Luis v. Zang (6th Cir. 2016) is a landmark civil Wiretap Act case arising directly from spousal stalkerware use. The Sixth Circuit affirmed that the Wiretap Act applies to covertly installed monitoring apps, rejected the "marital communications" privilege as a defense, and allowed the case to proceed to a jury on damages. The case ultimately settled for a confidential amount.
Protective Orders and Custody Consequences
Courts have recognized covert surveillance — particularly stalkerware installation — as a manifestation of domestic abuse. The discovery of monitoring software is frequently cited as grounds for emergency protective orders. Family courts in custody disputes treat surveillance as evidence of controlling behavior, which weighs heavily against the surveilling parent in custody determinations.
In multiple reported cases, the party who installed stalkerware to gain tactical advantage in a divorce lost primary custody precisely because the installation was treated as evidence of coercive control.
Decision Framework: Before You Touch That Phone
Use this decision tree before taking any action involving monitoring another person's device or communications:
Do you own this device AND does the person using it have no reasonable
expectation of privacy in it (e.g., company device with clear monitoring notice)?
YES → Monitoring may be permissible. Confirm notice requirements met.
NO → Continue ↓
Is the person a minor child in your legal custody?
YES → Transparent parental controls likely permissible. Age matters.
NO → Continue ↓
Do you have the person's explicit, informed, affirmative consent to monitoring?
YES → Monitoring with consent is generally permissible. Document the consent.
NO → STOP. You are in federal felony territory.
No relationship status — marriage, partnership, family — substitutes for a "yes" in that tree. If you cannot check one of those three boxes, the monitoring is illegal under federal law and likely illegal under state law as well.
The Bottom Line
Surveillance law in the United States is built around one organizing principle: consent. Not relationship, not ownership, not good intentions. Consent.

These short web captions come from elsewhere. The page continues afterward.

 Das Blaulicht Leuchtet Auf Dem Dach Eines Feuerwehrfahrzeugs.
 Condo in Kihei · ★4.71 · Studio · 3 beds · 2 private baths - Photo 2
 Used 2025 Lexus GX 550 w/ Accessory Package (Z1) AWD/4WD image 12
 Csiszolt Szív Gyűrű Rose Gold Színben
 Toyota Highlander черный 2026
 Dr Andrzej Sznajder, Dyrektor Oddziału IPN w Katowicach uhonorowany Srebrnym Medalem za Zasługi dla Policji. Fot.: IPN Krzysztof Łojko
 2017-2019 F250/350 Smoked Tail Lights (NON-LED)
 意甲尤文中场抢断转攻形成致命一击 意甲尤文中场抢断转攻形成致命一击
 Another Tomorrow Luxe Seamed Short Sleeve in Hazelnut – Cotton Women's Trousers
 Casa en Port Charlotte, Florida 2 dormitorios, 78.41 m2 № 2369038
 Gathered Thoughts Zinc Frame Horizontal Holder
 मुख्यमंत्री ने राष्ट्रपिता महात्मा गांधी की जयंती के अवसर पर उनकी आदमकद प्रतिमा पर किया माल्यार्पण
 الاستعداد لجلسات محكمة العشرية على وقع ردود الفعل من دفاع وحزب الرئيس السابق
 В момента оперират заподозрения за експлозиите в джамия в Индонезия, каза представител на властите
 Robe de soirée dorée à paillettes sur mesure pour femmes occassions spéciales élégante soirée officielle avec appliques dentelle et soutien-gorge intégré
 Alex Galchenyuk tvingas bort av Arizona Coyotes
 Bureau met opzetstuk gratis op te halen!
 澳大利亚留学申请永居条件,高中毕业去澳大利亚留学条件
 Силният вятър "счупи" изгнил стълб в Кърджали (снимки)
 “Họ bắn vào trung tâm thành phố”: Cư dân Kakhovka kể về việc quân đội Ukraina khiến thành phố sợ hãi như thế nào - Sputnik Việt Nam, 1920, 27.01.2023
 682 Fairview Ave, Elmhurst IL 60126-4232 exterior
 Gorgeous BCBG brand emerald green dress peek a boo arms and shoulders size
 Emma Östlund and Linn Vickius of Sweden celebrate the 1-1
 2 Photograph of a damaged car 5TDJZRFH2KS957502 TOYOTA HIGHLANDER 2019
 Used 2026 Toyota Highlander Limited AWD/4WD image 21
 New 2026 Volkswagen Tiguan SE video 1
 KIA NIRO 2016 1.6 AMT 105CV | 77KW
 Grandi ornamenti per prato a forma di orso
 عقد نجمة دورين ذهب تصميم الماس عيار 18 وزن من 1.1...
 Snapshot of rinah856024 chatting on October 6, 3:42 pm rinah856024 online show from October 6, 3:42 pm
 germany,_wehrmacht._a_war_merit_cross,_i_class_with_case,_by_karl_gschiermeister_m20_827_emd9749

Monitoring with the subject's explicit knowledge and agreement is generally defensible. Monitoring covertly is where criminal and civil liability begins — regardless of how sympathetic your reasons, regardless of how troubled the relationship, regardless of what you suspected or feared.
The practical consequence is that many of the surveillance scenarios people assume are normal or legal — checking a spouse's text messages, installing a tracker on a partner's car, logging into an ex's email — are federal crimes. Not minor infractions. Federal crimes with 5-10 year maximum sentences.
If you are facing a situation where you feel you need to monitor someone — a child's safety, a suspected unfaithful partner, an employee you don't trust — the appropriate steps are:
- Consult a licensed attorney in your jurisdiction before taking any action
- Understand that courts have consistently rejected "I had good reasons" as a defense
- Consider transparent alternatives: location sharing apps that both parties use knowingly, explicit consent agreements, professional help for relationship issues
- Recognize that illegally obtained evidence generally cannot be used for the purposes you intended it for
The law does not distinguish between the jealous spouse and the controlling abuser in its treatment of covert surveillance. Both are committing the same federal offense.